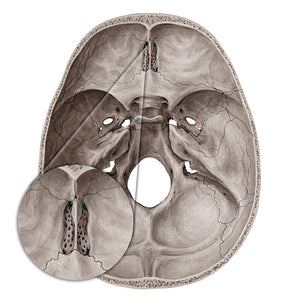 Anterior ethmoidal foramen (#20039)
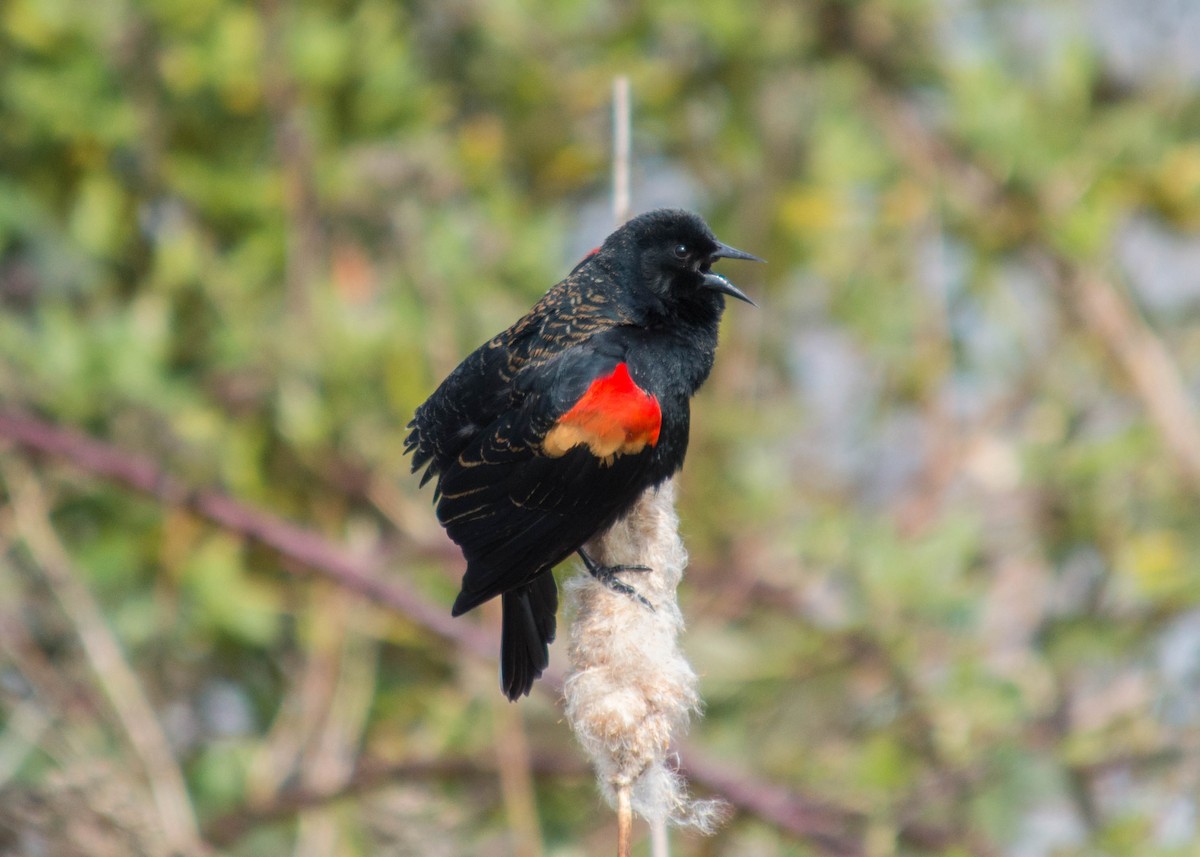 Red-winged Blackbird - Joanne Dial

================

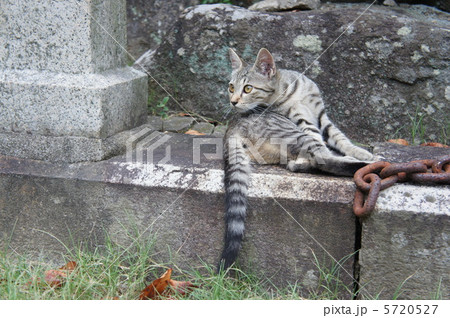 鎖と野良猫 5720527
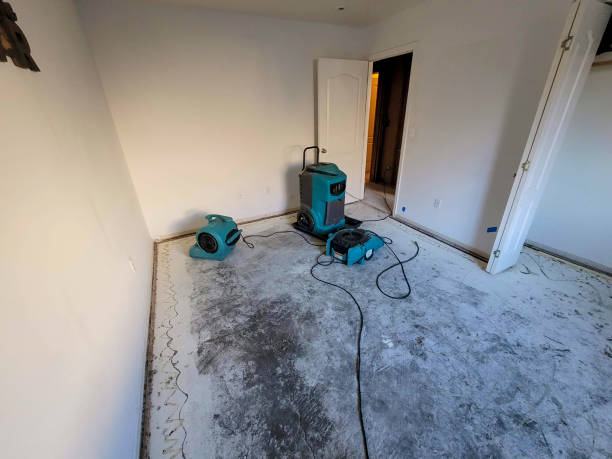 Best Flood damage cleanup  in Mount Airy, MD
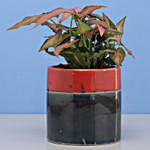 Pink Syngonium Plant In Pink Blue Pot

================

DIRECTIONS: All that is wanted is the lines above between the one containing "鎖と野良猫 5720527" and the one containing "Pink Syngonium Plant In Pink Blue Pot", inclusive, restated word for word, with pictures omitted.

THE COMPLETED TASK:
 鎖と野良猫 5720527
 Best Flood damage cleanup  in Mount Airy, MD
 Pink Syngonium Plant In Pink Blue Pot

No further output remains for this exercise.